The Wall at 85%: When Tests Aren't the Problem¶
The test suite was comprehensive. Table-driven tests. Error paths covered. Race detector enabled.
Coverage: 85.8%. Stuck.
We needed 95%. The team wrote more tests. Coverage stayed at 85%.
The problem wasn't the tests. It was the code.
The Comprehensive Test Suite¶
The project had 200+ tests across all packages:
- ✅ Table-driven tests for variations
- ✅ Error path coverage
- ✅ Race detector in every run
- ✅ Integration tests for CLI
- ✅ Mocked file I/O
Coverage by package:
| Package | Coverage |
|---|---|
| cmd/readability | 80.0% |
| pkg/analyzer | 94.7% |
| pkg/config | 89.8% |
| pkg/markdown | 95.1% |
| pkg/output | 99.6% |
| Total | 85.8% |
The CLI package dragged down the total. At 80%, it needed work.

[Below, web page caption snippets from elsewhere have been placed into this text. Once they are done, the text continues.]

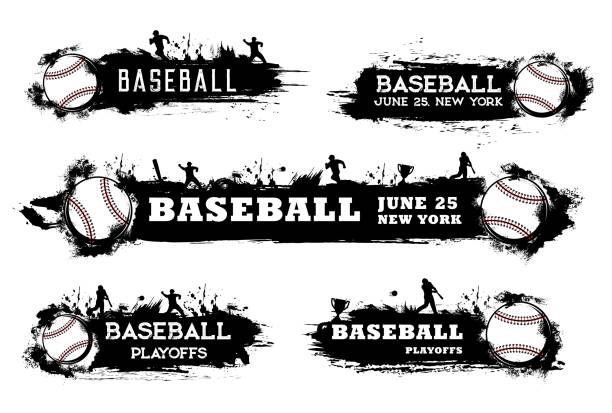 Baseball playoff banner, softball sport tournament Baseball playoff banners and softball sport tournament vector flags. Baseball team and league championship playoff flags with players, ball and victory cup on black halftone background bat silouette illustration stock illustrations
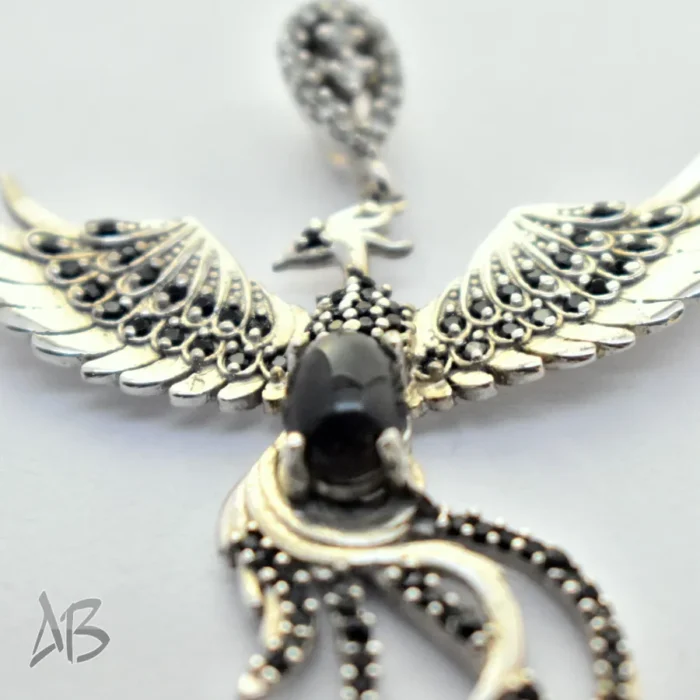 گردنبند یا مدالی نقره اصل زنانه نگین اسموکی کوارتز طرح سیمرغ آبکاری طلا سفید آقابزرگ کد Med120 - Image 8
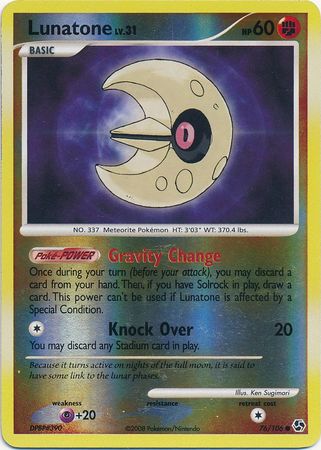 Lunatone - 76/106 - Common - Reverse Holo available at 401 Games Canada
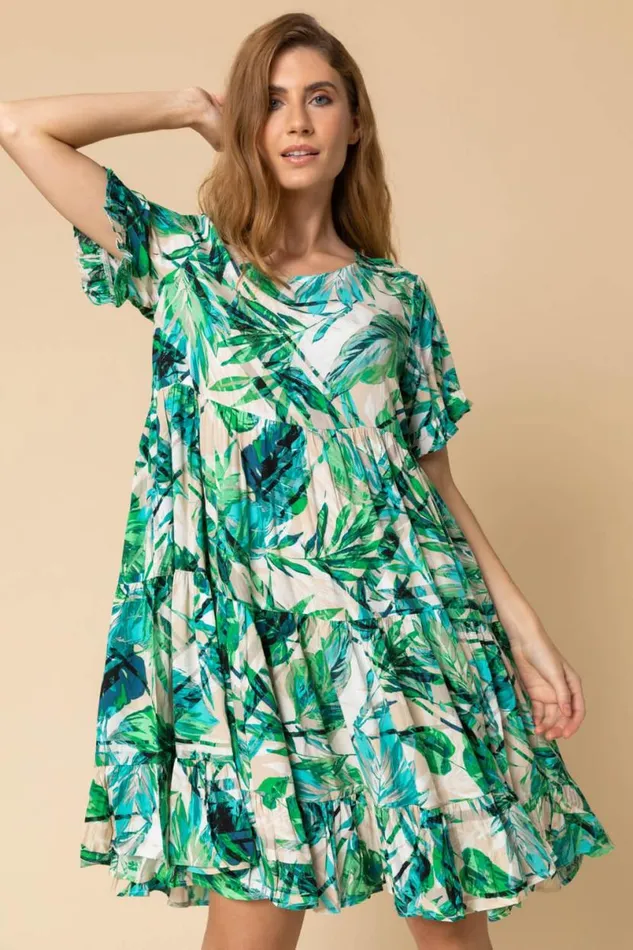 Green Tropical Print Tiered Pocket Dress Women Roman Dresses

But adding more tests didn't move the needle.
The Complexity Discovery¶
gocyclo revealed the problem:
cmd/readability/main.go:45: main.run() complexity = 35 (limit: 15)

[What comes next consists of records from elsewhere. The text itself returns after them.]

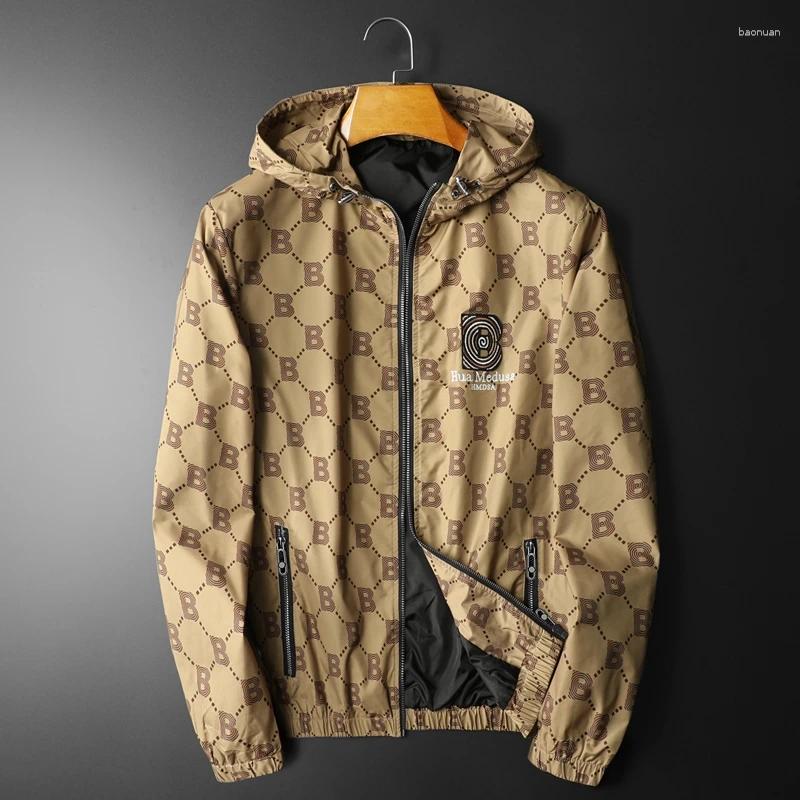 Men's Jackets Minglu Spring Autumn Hooded High Quality Letter Allover Printed Long Sleeve Sport Casual Male Coats Plus Size 5XL 83
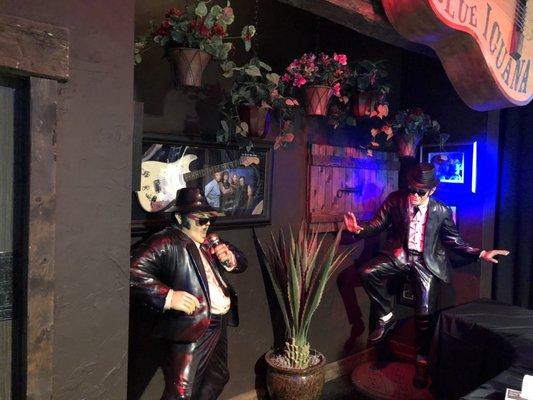 The Blues Brothers display by the bar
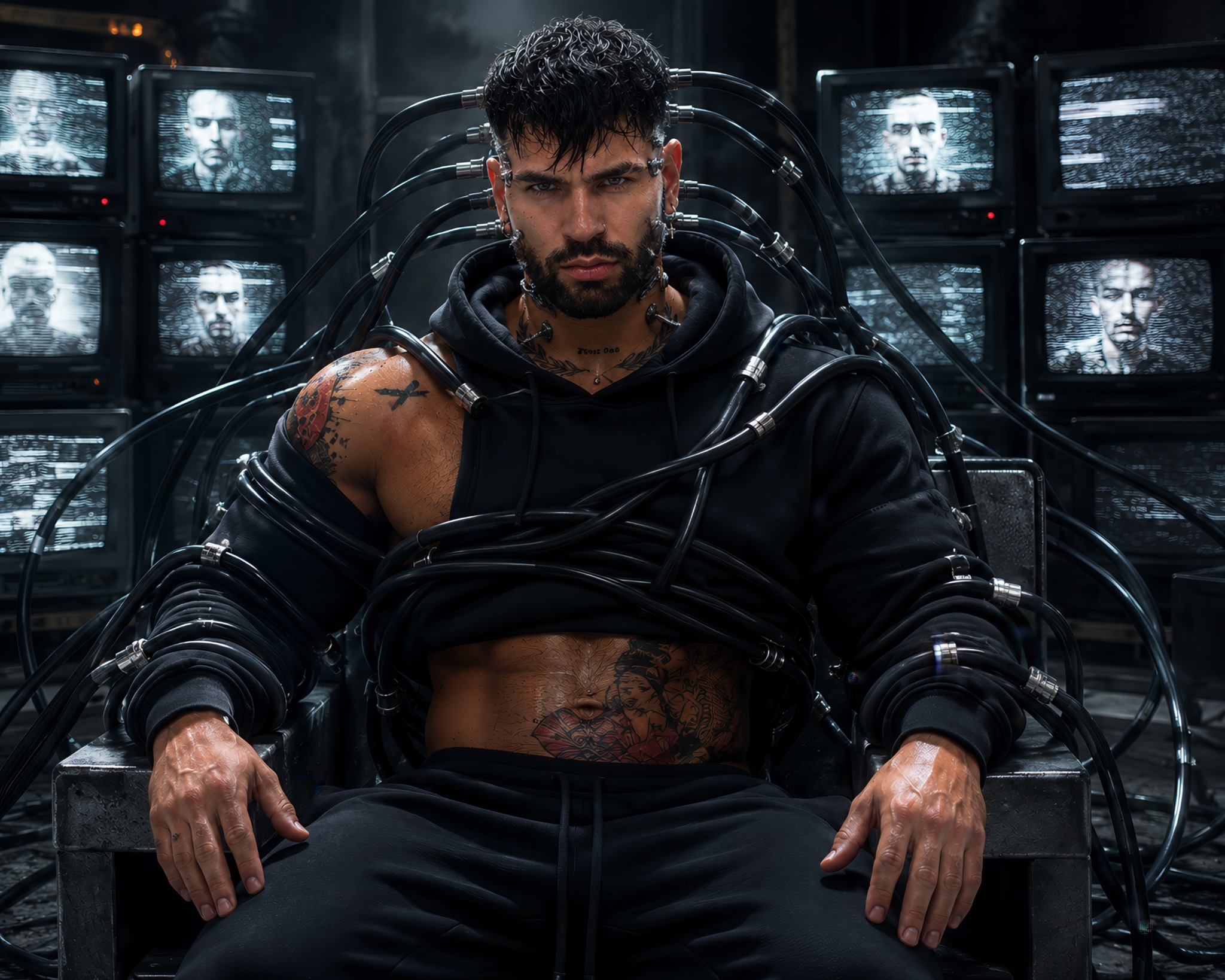 Cinematic seated portrait of DJ Adriano Dolce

pkg/markdown/parser.go:78: Parse() complexity = 21 (limit: 15)
Cyclomatic complexity measures decision points. A complexity of 35 means 35 different execution paths through one function.
Testing all 35 paths in a monolithic function is impossible without:
- Setting up all flag combinations
- Mocking file I/O for every branch
- Handling errors at multiple depths
- Verifying output for each path
The tests would be unmaintainable. The code needed to change first.
The Refactoring¶
main.run() did everything in one function:
- Parse flags (+5 complexity)
- Load config or auto-detect (+8 complexity)

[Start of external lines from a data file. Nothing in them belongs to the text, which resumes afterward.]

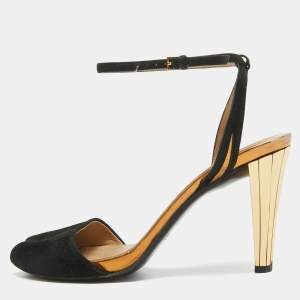 Gucci Black Suede Delphine Sandals Size 37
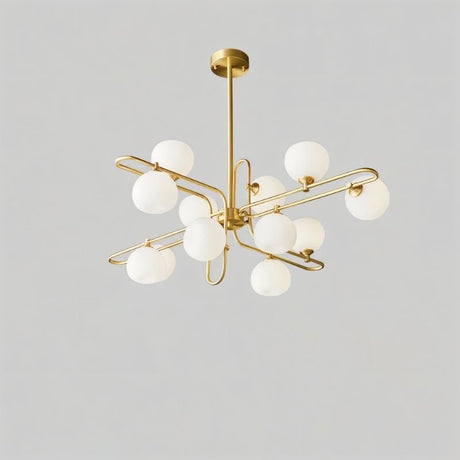 "A 12-light modern chandelier with spherical glass shades and a copper frame."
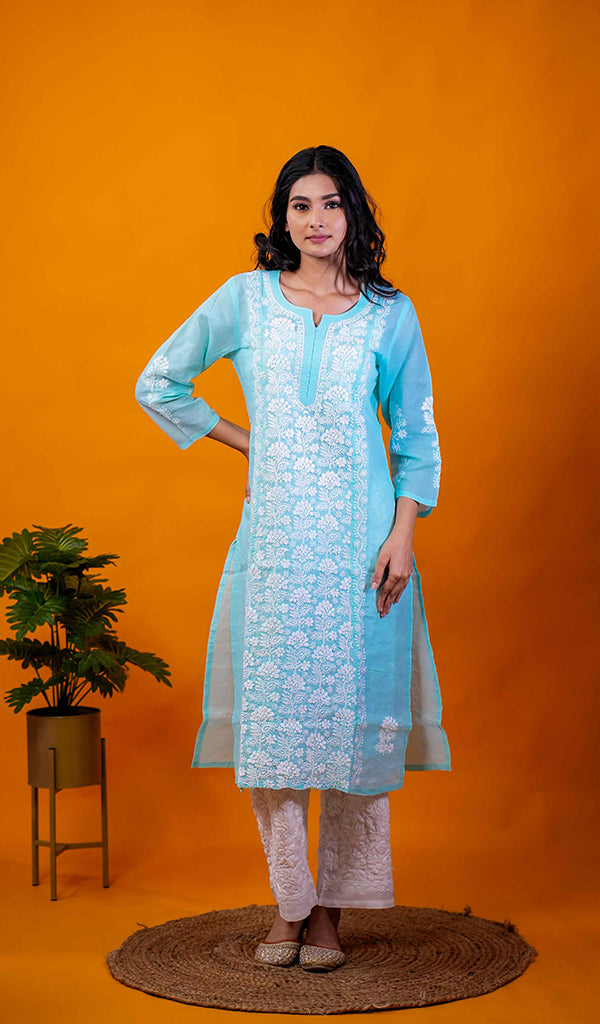 Naira Women's Lucknowi Handcrafted Cotton Chikankari Kurti - HONC0164270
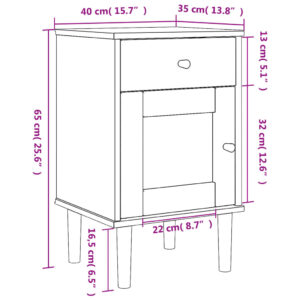 vidaXL Sängbord SENJA rottinglook brun 40x35x65 cm massiv furu - Bild 11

- Apply flag overrides (+4 complexity)
- Analyze files (+6 complexity)
- Format output (+7 complexity)
- Check thresholds (+5 complexity)
Total: 35 decision points in one function.
We extracted 11 focused functions:
loadConfig()- complexity 5applyFlagOverrides()- complexity 5analyzeTarget()- complexity 5outputResults()- complexity 7checkResults()- complexity 3countFailures()- complexity 8printFailureGuidance()- complexity 4- Four more guidance functions - complexity 1 each
New run() complexity: 6 (was 35).
Each extracted function: testable independently.
The Breakthrough¶
After refactoring:
Before tests:
func TestRun_AllCombinations(t *testing.T) {
// Need to test:
// - Config from file vs auto-detect
// - Multiple flag override scenarios
// - File vs directory analysis
// - JSON vs table vs markdown output
// - Pass vs fail thresholds
// - Error at each layer
// Result: 50+ test cases, each with complex setup
}
After tests:
func TestLoadConfig(t *testing.T) {
tests := []struct {
name string
path string
want *Config
wantErr bool
}{
{"explicit file", "test.yml", expectedConfig, false},
{"auto-detect", "", autoConfig, false},
{"missing file", "none.yml", nil, true},
}
// Simple table-driven tests
}
func TestApplyFlagOverrides(t *testing.T) {
// Test ONLY flag application logic
}
func TestOutputResults(t *testing.T) {
// Test ONLY output formatting
}
Each function tested independently. Coverage jumped.
Final coverage:
| Package | Before | After |
|---|---|---|
| cmd/readability | 80.0% | 97.5% |
| pkg/analyzer | 94.7% | 99.1% |
| pkg/config | 89.8% | 100.0% |
| pkg/markdown | 95.1% | 98.8% |
| pkg/output | 99.6% | 99.6% |
| Total | 85.8% | 99.0% |
From 85% to 99% without adding exotic test infrastructure. By making code testable.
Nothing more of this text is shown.